== Raw data

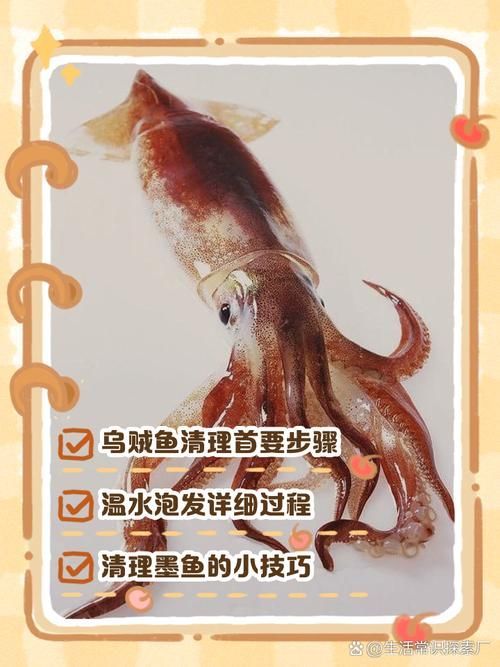 給我一些安全處理魚的圖片示例 龍魚百科 第5張 給我一些安全處理魚的圖片示例 給我一些安全處理魚的圖片示例 龍魚百科 第5張
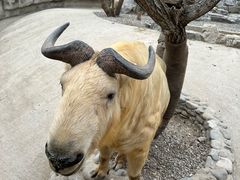 -北京野生动物园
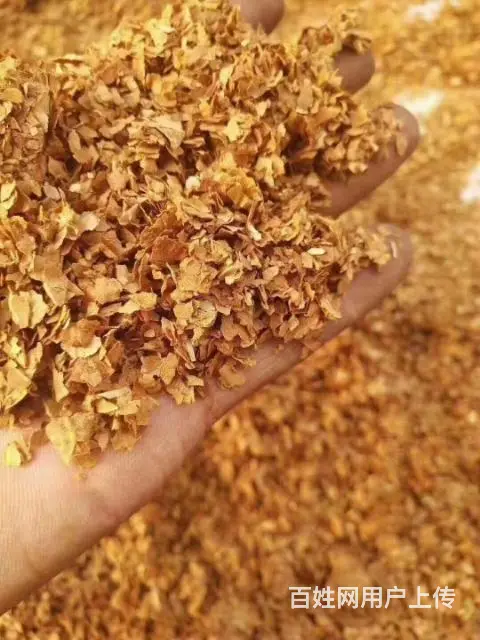 正宗夹皮沟关东老旱 - 图片 2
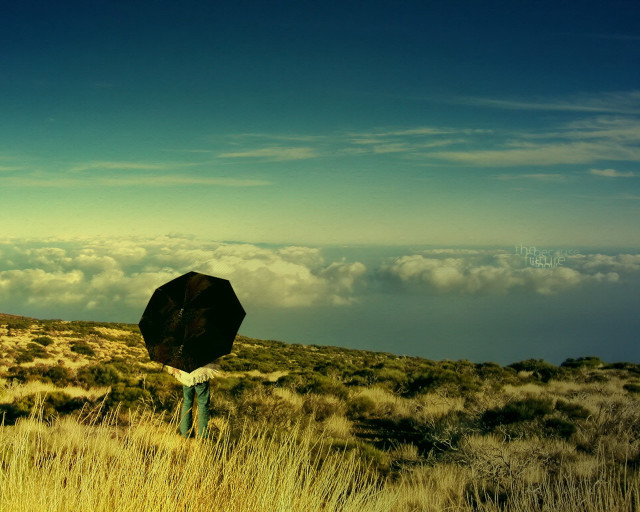 Person umbrella field sky clouds #3 free wallpaper for desktop - medium preview image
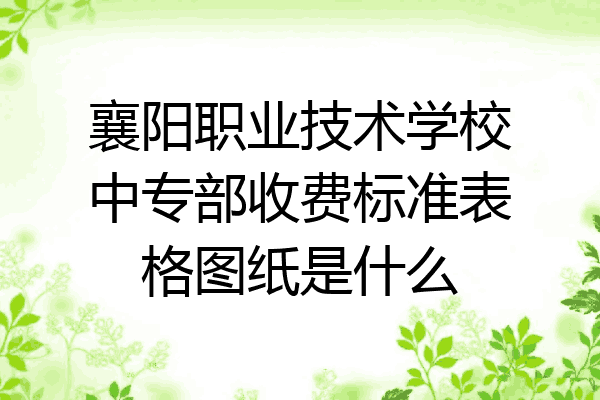 襄阳职业技术学校中专部收费标准表格图纸是什么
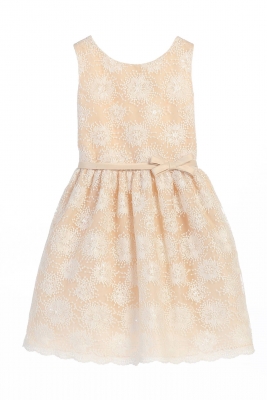 Champagne Flower Embroidered Mesh Dress with Soft Sequin Detail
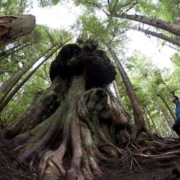 Ken Wu of the Ancient Forest Alliance stops to look at Canada's Gnarliest tree in the Avatar Old Growth Forest near Port Renfrew on Vancouver Island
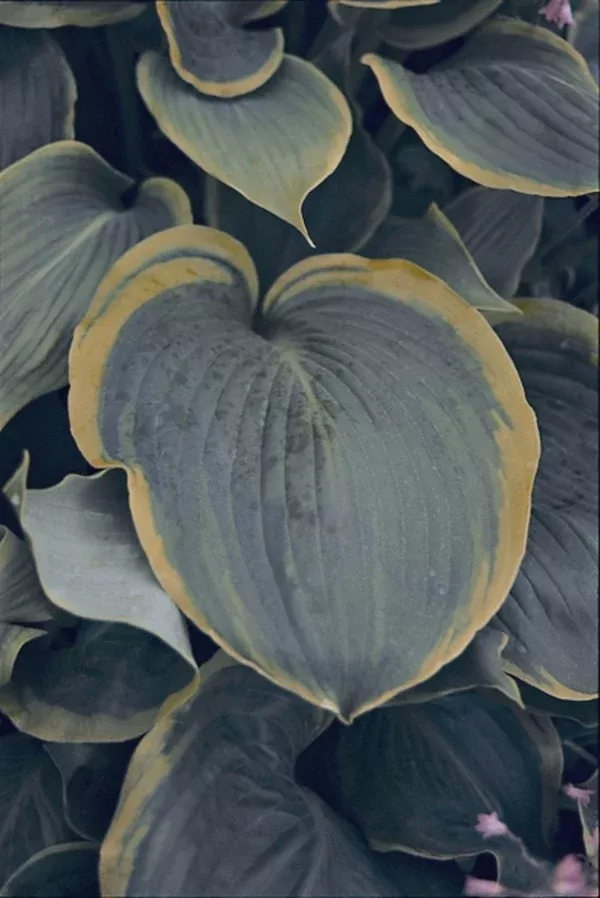 Hosta 'Day's End'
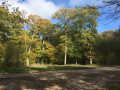 Lumière et feuillages d'automne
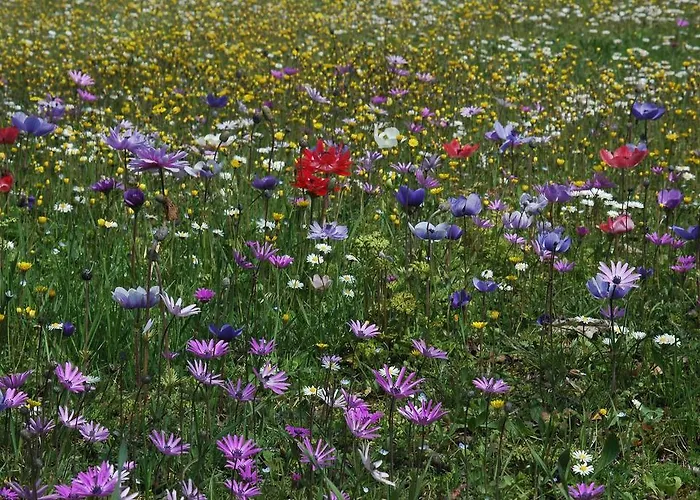 住宿加早餐酒店 Casa Certosa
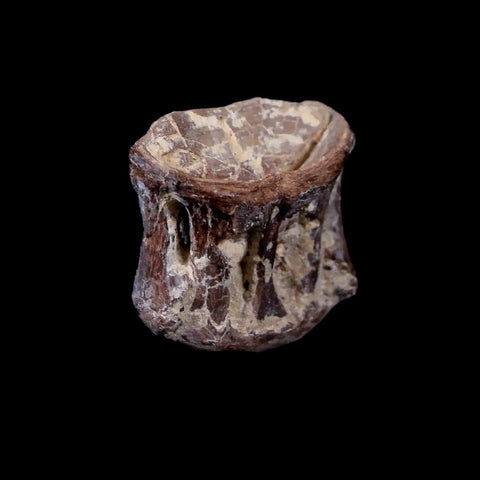 0.9" Xiphactinus Audax Fossil Vertebrae Cretaceous Era Fish Niobrara FM Kansas - Fossil Age Minerals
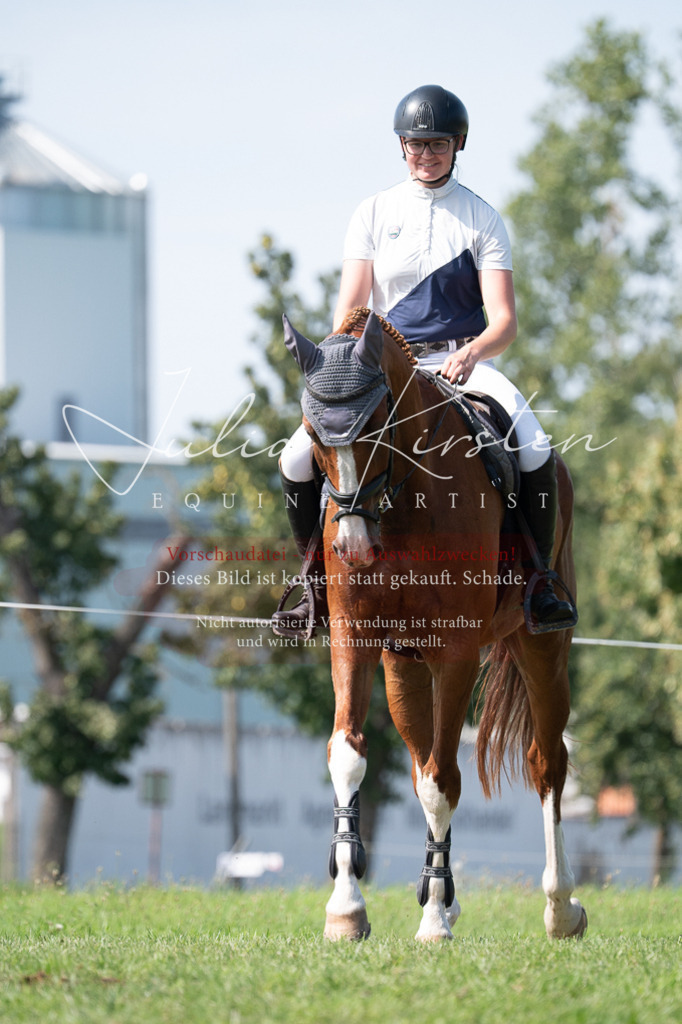 DSC_0904 | Pferde- und Turnierfotografie in Westsachsen. Pferdeportraits, Auftragszeichnungen und intuitive Kunst.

====

__Work required__.
Reproduce precisely the lines of the entries above, from the one containing "Champagne Flower Embroidered" through the final one, both ends included, and omit the pictures.

__Completed exercise__.
 Champagne Flower Embroidered Mesh Dress with Soft Sequin Detail
 Ken Wu of the Ancient Forest Alliance stops to look at Canada's Gnarliest tree in the Avatar Old Growth Forest near Port Renfrew on Vancouver Island
 Hosta 'Day's End'
 Lumière et feuillages d'automne
 住宿加早餐酒店 Casa Certosa
 0.9" Xiphactinus Audax Fossil Vertebrae Cretaceous Era Fish Niobrara FM Kansas - Fossil Age Minerals
 DSC_0904 | Pferde- und Turnierfotografie in Westsachsen. Pferdeportraits, Auftragszeichnungen und intuitive Kunst.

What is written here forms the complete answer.